Oaxaca, city, Mexico

Oaxaca, city (1990 pop. 212,818), capital of Oaxaca state, S Mexico. The city is officially called Oaxaca de Juárez. Situated in a valley encircled by low mountains, Oaxaca is a commercial and tourist center with gardens and many examples of colonial church architecture. The church and monastery of Santo Domingo de Guzmán is a national monument. Oaxaca is noted for hand-wrought gold and silver filigree, pottery, and sarapes that rank among the finest in Mexico. The city has two museums that feature pre-Hispanic art and a contemporary art museum, and the ancient Zapotec capital of Monte Albán is nearby. There is an annual festival that celebrates indigenous culture. The chief city of S Mexico, Oaxaca is linked with the federal capital by rail and the Inter-American Highway.
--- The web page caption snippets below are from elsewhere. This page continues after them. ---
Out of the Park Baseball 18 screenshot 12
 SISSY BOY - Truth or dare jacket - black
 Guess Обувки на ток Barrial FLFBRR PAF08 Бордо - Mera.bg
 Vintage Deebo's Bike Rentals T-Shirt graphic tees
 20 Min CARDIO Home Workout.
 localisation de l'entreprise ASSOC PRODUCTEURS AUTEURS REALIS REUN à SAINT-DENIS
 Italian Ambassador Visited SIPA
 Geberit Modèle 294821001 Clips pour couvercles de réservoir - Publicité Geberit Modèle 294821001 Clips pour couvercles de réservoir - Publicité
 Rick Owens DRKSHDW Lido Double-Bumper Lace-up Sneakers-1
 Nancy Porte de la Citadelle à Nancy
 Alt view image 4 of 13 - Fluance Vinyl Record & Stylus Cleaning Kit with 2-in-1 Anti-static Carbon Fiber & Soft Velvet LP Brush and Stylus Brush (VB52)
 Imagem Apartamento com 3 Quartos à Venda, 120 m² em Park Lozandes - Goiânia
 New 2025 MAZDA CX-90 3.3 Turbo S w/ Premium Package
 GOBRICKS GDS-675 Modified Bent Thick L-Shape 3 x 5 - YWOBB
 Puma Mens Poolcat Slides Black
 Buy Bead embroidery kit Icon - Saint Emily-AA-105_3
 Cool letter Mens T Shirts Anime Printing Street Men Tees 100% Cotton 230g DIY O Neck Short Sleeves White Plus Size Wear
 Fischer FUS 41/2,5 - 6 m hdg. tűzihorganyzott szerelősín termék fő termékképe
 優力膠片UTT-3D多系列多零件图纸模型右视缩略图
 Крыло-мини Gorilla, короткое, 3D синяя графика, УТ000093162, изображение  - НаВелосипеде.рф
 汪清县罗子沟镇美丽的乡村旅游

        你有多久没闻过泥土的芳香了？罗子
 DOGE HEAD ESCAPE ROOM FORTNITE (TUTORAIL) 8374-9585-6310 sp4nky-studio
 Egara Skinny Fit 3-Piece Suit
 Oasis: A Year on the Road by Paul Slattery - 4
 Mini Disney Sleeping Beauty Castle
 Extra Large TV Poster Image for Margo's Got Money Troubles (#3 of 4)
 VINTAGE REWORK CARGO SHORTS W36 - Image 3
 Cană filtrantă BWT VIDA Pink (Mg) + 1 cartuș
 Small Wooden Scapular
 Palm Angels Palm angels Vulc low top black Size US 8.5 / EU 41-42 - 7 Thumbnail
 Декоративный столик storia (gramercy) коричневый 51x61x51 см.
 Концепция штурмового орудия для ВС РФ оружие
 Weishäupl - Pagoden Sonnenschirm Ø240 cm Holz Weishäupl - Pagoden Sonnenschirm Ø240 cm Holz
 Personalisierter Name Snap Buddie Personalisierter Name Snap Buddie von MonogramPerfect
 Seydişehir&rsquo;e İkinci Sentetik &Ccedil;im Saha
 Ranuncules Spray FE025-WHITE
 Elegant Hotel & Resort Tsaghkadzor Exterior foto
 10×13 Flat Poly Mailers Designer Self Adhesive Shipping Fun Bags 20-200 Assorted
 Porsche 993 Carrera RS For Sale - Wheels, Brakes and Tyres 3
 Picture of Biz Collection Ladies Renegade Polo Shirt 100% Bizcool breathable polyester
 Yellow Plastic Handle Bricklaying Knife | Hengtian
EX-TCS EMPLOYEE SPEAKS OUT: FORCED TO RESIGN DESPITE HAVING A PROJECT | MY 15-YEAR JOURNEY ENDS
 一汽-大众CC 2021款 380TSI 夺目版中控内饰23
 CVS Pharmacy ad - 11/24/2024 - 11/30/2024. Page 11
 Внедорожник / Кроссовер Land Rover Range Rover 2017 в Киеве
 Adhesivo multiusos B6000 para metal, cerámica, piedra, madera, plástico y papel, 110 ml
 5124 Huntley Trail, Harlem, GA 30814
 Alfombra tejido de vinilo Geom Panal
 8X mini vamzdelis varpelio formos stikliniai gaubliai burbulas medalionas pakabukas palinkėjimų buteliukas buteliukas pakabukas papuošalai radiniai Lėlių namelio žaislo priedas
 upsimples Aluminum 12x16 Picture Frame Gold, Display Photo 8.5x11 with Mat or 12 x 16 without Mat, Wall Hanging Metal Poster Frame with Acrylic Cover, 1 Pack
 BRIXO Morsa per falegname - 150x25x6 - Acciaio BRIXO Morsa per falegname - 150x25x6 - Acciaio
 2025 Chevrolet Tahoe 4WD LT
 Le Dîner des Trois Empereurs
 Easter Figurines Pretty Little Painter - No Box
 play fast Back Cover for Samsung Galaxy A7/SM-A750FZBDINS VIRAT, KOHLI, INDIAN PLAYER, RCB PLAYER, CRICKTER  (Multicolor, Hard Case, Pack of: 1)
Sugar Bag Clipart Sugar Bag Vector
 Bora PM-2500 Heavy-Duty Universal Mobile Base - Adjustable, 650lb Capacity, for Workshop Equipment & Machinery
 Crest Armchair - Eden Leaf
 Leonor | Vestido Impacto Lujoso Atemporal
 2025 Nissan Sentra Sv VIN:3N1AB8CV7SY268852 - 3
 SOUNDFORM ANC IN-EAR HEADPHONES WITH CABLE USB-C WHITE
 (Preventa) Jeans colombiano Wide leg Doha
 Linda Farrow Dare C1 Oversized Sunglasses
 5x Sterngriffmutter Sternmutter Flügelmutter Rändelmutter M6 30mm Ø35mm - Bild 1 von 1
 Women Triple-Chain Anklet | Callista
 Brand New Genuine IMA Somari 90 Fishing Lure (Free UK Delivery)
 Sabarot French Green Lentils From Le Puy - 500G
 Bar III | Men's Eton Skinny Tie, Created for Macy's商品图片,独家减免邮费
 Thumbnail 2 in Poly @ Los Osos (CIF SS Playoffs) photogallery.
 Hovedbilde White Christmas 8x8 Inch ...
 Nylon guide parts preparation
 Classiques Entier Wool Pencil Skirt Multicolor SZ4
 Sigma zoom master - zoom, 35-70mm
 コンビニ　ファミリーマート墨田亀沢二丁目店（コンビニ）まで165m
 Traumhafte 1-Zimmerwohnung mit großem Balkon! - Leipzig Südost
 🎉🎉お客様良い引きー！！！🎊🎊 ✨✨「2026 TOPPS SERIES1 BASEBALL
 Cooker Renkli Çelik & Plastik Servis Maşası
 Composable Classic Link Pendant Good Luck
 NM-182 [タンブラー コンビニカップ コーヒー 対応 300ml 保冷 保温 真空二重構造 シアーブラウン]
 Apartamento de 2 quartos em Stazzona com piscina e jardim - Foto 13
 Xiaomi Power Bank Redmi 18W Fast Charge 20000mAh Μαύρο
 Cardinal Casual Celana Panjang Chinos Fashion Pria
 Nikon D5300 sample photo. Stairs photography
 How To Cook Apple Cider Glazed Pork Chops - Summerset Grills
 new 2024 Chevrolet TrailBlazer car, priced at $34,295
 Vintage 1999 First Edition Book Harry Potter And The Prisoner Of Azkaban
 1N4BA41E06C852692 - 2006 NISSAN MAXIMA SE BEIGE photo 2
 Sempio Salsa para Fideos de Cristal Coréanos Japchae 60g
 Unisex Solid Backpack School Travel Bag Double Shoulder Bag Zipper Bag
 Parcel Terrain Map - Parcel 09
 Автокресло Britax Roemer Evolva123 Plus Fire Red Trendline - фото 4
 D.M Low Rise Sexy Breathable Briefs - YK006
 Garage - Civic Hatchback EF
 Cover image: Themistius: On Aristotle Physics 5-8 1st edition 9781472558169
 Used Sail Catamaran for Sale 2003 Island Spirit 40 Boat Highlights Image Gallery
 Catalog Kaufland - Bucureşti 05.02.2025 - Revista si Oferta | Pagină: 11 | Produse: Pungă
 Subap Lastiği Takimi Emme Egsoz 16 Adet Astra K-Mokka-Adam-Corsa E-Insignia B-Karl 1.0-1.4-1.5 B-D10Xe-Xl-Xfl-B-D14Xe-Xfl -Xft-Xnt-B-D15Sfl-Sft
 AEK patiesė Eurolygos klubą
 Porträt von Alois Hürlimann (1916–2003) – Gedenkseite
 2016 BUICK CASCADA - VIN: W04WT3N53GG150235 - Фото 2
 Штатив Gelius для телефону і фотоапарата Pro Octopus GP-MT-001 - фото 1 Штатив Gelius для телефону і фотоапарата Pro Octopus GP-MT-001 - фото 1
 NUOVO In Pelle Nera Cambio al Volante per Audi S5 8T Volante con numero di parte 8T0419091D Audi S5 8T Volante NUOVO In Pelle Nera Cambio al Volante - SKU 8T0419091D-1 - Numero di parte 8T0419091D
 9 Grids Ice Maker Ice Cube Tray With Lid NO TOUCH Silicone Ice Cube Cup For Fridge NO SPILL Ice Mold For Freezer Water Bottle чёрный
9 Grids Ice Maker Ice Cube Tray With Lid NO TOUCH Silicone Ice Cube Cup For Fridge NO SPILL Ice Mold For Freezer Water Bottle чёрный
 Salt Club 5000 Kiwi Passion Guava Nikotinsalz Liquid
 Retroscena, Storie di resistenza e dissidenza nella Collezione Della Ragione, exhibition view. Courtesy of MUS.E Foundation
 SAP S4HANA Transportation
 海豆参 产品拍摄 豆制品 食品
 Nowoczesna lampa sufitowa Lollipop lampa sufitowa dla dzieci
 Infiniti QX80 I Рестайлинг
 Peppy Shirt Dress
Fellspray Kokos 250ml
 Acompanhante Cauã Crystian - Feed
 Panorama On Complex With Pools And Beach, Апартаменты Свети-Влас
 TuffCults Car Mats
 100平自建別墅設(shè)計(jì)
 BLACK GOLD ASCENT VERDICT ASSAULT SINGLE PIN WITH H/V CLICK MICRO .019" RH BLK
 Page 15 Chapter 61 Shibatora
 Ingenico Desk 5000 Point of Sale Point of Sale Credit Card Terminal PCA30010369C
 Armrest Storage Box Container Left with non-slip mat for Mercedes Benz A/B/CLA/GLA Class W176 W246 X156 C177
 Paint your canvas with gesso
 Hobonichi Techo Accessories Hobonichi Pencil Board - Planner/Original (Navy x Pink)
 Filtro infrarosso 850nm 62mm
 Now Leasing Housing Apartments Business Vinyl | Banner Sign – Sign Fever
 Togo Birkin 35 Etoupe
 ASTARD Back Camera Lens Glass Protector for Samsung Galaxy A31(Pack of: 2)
The city is subject to severe earthquakes.

According to Aztec tradition, Oaxaca was founded as Huasyacac in 1486, during the brief ascendancy of the Aztecs over the Mixtecs and Zapotecs; the present city was laid out by Spanish conquerors in 1529. Prominent in the Mexican revolution against Spain, the city also joined in the War of the Reform and in resistance to the French intervention. Both Benito Juárez and Porfirio Díaz were born in Oaxaca in the 1800s. During May–Nov., 2006, the city was torn by a bitter protest against Oaxaca state's governor by teachers, leftists, and others and a heavy-handed state response; in October, federal police intervened with force to restore order to the central city.